▶ [Try it] Print out the data exactly, keeping every image out of it.

--- Source data Enclosed Below ---

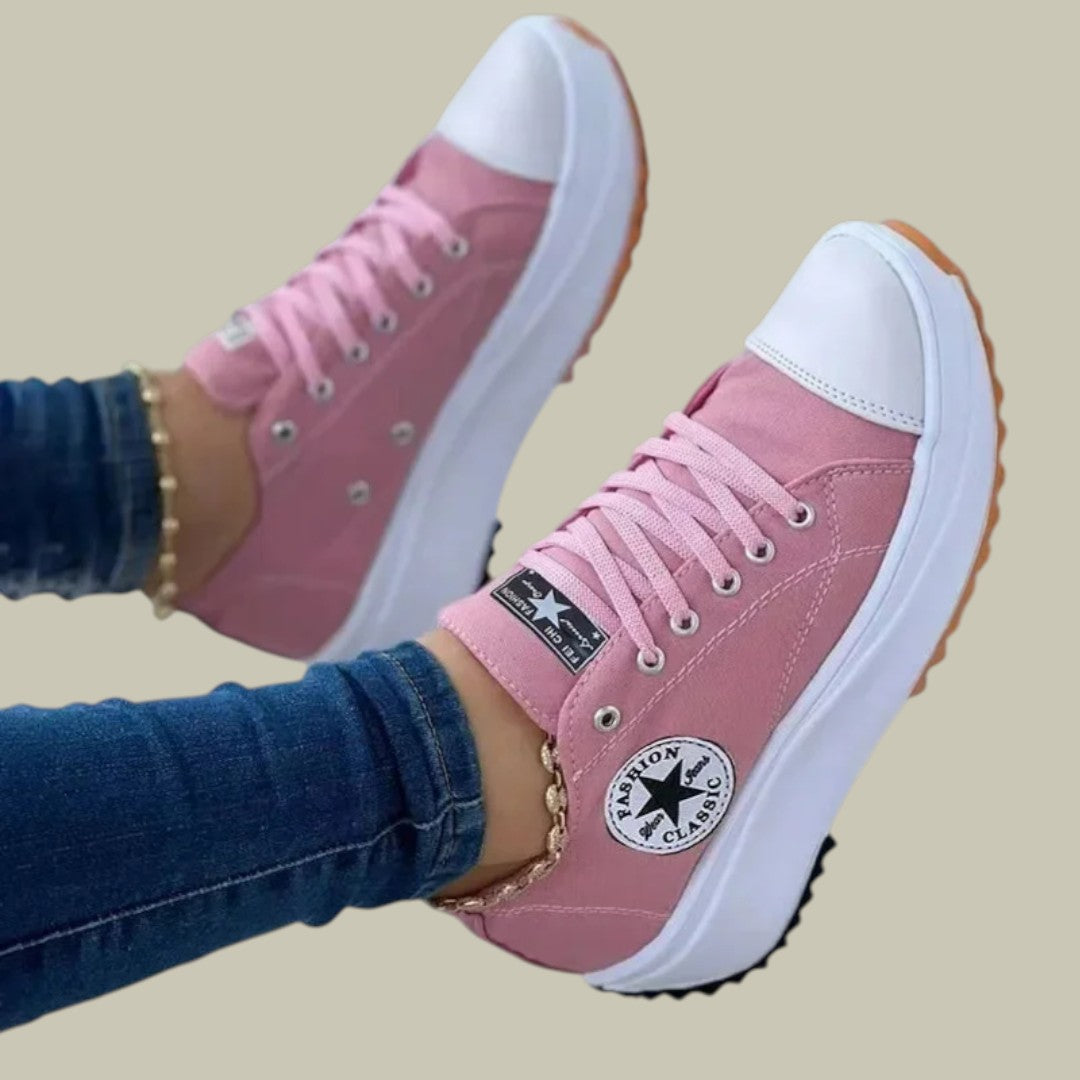 Lux & Classy  • Women's Orthopedic Sneaker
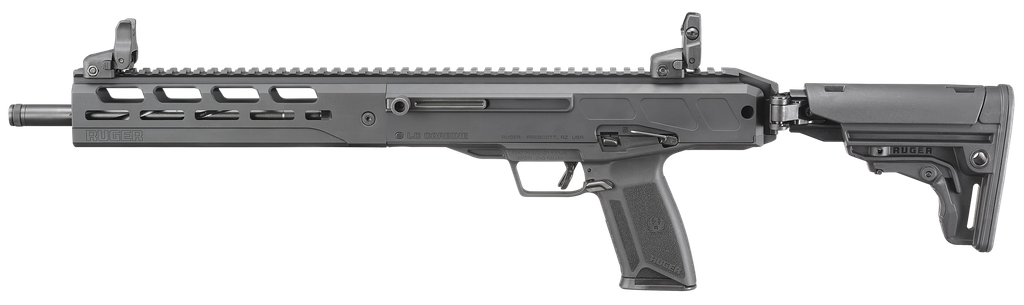 RUGER 19302 LC CARBINE  5.7X28MM 10+1 16.25" (2)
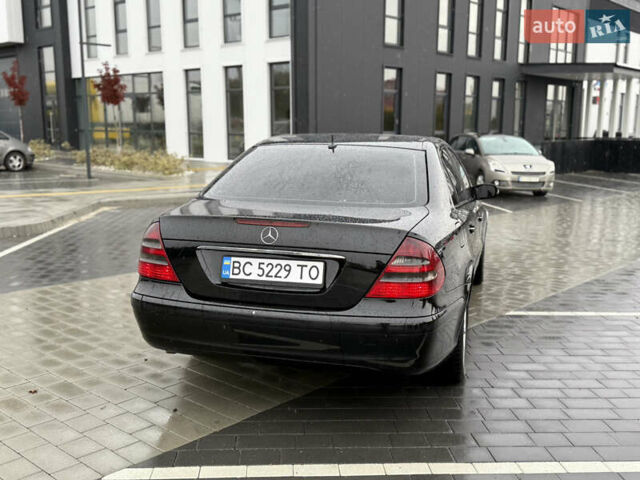 Мерседес Е-Класс 2003 в Городке на Automoto.ua Черный Мерседес Е-Класс, объемом двигателя 2.2 л и пробегом 350 тыс. км за 6999 $, фото 13 на Automoto.ua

--- End of Enclosed Source data ---

▶ [Reply]
 Lux & Classy  • Women's Orthopedic Sneaker
 RUGER 19302 LC CARBINE  5.7X28MM 10+1 16.25" (2)
 Мерседес Е-Класс 2003 в Городке на Automoto.ua Черный Мерседес Е-Класс, объемом двигателя 2.2 л и пробегом 350 тыс. км за 6999 $, фото 13 на Automoto.ua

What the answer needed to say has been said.